REQUIRED ACTION >>
Nothing outside the range below should be printed. Output exactly the lines from the line with "Gruppenfoto der Tschernobyl-Mahnwache" to the line with "Radios antiguas: nao", both included.

-- DATA SECTION follows --

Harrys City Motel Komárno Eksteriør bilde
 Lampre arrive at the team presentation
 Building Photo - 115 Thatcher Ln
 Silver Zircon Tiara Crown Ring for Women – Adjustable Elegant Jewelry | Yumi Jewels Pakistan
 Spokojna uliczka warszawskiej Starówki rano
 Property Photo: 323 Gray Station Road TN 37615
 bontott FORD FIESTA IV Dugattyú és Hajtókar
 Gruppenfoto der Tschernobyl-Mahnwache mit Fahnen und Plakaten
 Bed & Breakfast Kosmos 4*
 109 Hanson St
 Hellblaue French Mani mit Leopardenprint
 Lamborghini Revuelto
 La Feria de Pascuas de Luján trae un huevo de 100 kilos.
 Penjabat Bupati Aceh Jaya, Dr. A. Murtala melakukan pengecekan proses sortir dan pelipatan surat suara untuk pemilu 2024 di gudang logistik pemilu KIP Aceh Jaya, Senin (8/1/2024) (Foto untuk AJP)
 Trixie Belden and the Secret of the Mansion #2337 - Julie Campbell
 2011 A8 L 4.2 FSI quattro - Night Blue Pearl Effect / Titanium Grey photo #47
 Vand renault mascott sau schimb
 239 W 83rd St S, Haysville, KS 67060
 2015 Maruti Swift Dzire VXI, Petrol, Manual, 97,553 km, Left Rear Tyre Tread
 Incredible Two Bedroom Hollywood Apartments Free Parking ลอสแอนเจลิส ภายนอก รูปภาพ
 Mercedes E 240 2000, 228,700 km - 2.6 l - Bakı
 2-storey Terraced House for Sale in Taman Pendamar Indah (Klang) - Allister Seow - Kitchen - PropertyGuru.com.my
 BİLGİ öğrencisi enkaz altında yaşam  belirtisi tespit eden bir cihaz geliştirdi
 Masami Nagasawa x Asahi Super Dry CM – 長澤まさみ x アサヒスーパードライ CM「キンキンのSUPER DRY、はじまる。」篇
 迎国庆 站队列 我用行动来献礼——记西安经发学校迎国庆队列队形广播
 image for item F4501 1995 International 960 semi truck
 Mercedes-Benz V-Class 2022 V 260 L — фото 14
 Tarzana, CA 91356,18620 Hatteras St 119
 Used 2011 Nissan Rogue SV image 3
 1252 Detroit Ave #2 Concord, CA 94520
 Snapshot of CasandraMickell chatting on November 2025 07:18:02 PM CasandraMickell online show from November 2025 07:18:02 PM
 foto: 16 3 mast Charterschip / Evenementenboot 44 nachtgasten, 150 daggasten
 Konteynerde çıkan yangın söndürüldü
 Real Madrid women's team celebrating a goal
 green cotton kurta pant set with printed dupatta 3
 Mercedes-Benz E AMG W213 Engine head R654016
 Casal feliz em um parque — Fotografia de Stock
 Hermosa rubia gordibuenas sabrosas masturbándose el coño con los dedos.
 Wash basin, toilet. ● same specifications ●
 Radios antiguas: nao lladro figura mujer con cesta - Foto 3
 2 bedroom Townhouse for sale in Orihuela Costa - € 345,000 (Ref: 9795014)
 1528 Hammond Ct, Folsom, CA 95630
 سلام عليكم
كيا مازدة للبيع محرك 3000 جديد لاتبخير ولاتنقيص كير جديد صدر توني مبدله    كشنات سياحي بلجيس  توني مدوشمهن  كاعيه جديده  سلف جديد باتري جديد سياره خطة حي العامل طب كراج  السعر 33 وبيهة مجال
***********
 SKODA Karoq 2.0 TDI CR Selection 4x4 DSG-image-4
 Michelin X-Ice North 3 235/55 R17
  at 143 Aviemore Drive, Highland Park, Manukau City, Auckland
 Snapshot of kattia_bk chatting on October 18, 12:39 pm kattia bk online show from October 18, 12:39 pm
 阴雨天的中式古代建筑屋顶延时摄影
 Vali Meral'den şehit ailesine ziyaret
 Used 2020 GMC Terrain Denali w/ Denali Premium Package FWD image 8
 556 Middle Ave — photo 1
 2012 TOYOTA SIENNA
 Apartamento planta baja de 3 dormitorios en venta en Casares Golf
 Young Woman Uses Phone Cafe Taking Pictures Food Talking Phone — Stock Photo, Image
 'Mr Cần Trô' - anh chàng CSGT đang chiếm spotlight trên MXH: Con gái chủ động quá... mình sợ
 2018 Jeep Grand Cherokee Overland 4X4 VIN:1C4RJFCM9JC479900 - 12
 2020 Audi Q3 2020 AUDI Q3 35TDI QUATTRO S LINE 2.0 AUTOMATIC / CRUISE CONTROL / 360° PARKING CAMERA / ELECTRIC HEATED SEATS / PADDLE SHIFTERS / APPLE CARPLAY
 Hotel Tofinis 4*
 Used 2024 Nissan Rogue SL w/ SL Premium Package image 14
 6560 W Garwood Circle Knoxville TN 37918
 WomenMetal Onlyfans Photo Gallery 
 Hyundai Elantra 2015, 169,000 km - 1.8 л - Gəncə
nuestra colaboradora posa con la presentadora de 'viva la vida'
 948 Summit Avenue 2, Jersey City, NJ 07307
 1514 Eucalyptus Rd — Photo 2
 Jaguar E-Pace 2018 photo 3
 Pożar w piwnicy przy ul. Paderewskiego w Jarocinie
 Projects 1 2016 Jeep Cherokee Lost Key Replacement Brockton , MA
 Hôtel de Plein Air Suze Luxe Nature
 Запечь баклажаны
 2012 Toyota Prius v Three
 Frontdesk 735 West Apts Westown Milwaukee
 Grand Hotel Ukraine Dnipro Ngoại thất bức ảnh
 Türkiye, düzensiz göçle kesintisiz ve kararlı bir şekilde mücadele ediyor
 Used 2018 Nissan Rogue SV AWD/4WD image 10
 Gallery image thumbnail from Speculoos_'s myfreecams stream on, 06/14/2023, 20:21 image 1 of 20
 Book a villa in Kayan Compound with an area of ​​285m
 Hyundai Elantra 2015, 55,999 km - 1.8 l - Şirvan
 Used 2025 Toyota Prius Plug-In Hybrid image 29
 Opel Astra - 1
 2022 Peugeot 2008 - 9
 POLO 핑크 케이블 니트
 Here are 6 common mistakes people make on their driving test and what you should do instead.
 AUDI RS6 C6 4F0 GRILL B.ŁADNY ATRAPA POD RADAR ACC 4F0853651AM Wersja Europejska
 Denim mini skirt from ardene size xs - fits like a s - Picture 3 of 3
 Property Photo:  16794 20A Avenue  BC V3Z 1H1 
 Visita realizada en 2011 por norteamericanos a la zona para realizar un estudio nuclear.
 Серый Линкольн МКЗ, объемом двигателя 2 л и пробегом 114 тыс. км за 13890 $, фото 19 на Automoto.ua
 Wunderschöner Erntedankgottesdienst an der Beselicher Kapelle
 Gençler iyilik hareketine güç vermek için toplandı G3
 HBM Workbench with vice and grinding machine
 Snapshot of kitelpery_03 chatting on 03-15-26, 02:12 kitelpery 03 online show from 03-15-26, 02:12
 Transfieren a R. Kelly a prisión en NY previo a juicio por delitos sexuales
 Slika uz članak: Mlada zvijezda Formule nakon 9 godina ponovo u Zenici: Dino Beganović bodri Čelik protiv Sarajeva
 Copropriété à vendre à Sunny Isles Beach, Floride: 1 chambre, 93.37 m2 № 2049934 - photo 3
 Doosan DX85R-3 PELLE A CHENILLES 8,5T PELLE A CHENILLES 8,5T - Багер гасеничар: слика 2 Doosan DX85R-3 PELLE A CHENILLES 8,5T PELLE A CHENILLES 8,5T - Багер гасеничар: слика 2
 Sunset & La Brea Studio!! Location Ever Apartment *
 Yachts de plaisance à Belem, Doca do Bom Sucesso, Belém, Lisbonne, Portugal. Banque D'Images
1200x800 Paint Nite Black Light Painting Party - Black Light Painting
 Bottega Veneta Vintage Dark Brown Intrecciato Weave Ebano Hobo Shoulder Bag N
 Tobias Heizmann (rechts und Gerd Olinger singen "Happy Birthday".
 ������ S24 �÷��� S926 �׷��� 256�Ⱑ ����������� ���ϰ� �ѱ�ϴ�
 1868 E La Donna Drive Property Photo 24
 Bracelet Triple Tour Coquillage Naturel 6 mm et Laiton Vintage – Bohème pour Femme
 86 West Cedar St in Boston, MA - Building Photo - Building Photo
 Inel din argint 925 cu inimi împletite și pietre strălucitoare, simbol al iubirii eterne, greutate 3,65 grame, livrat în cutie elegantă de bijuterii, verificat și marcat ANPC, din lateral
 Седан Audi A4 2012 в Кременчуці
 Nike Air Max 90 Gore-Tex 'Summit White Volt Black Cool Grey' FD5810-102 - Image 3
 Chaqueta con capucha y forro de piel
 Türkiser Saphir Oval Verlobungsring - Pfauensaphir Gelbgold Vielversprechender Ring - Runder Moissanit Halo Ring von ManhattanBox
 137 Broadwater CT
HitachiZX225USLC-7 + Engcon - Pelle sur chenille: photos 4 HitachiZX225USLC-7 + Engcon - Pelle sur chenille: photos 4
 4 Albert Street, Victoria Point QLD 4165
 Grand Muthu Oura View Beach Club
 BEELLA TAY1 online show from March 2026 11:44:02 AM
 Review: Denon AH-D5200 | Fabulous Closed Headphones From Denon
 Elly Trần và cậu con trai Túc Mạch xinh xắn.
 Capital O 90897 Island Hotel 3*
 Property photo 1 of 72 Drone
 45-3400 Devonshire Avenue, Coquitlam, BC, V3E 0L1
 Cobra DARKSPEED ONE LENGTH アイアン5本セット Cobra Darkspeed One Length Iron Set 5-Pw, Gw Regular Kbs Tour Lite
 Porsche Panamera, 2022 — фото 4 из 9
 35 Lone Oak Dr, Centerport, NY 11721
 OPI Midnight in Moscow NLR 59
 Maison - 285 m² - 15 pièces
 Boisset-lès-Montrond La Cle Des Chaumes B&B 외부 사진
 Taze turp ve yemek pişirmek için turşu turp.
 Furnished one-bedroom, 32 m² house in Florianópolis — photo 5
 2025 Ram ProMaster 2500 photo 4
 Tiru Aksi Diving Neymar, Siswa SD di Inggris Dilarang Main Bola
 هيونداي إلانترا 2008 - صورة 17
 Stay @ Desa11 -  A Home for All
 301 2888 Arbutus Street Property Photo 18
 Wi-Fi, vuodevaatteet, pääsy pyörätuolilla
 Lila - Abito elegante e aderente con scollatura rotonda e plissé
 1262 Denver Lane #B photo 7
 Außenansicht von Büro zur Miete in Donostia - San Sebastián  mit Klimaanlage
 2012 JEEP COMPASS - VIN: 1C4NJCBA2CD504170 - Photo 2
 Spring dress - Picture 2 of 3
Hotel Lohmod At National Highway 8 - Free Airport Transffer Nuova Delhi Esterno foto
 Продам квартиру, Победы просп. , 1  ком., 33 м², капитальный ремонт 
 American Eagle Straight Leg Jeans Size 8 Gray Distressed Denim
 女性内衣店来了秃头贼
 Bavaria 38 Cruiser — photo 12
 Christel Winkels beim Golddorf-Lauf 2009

-- DATA SECTION concluded --

RESPONSE >>
 Gruppenfoto der Tschernobyl-Mahnwache mit Fahnen und Plakaten
 Bed & Breakfast Kosmos 4*
 109 Hanson St
 Hellblaue French Mani mit Leopardenprint
 Lamborghini Revuelto
 La Feria de Pascuas de Luján trae un huevo de 100 kilos.
 Penjabat Bupati Aceh Jaya, Dr. A. Murtala melakukan pengecekan proses sortir dan pelipatan surat suara untuk pemilu 2024 di gudang logistik pemilu KIP Aceh Jaya, Senin (8/1/2024) (Foto untuk AJP)
 Trixie Belden and the Secret of the Mansion #2337 - Julie Campbell
 2011 A8 L 4.2 FSI quattro - Night Blue Pearl Effect / Titanium Grey photo #47
 Vand renault mascott sau schimb
 239 W 83rd St S, Haysville, KS 67060
 2015 Maruti Swift Dzire VXI, Petrol, Manual, 97,553 km, Left Rear Tyre Tread
 Incredible Two Bedroom Hollywood Apartments Free Parking ลอสแอนเจลิส ภายนอก รูปภาพ
 Mercedes E 240 2000, 228,700 km - 2.6 l - Bakı
 2-storey Terraced House for Sale in Taman Pendamar Indah (Klang) - Allister Seow - Kitchen - PropertyGuru.com.my
 BİLGİ öğrencisi enkaz altında yaşam  belirtisi tespit eden bir cihaz geliştirdi
 Masami Nagasawa x Asahi Super Dry CM – 長澤まさみ x アサヒスーパードライ CM「キンキンのSUPER DRY、はじまる。」篇
 迎国庆 站队列 我用行动来献礼——记西安经发学校迎国庆队列队形广播
 image for item F4501 1995 International 960 semi truck
 Mercedes-Benz V-Class 2022 V 260 L — фото 14
 Tarzana, CA 91356,18620 Hatteras St 119
 Used 2011 Nissan Rogue SV image 3
 1252 Detroit Ave #2 Concord, CA 94520
 Snapshot of CasandraMickell chatting on November 2025 07:18:02 PM CasandraMickell online show from November 2025 07:18:02 PM
 foto: 16 3 mast Charterschip / Evenementenboot 44 nachtgasten, 150 daggasten
 Konteynerde çıkan yangın söndürüldü
 Real Madrid women's team celebrating a goal
 green cotton kurta pant set with printed dupatta 3
 Mercedes-Benz E AMG W213 Engine head R654016
 Casal feliz em um parque — Fotografia de Stock
 Hermosa rubia gordibuenas sabrosas masturbándose el coño con los dedos.
 Wash basin, toilet. ● same specifications ●
 Radios antiguas: nao lladro figura mujer con cesta - Foto 3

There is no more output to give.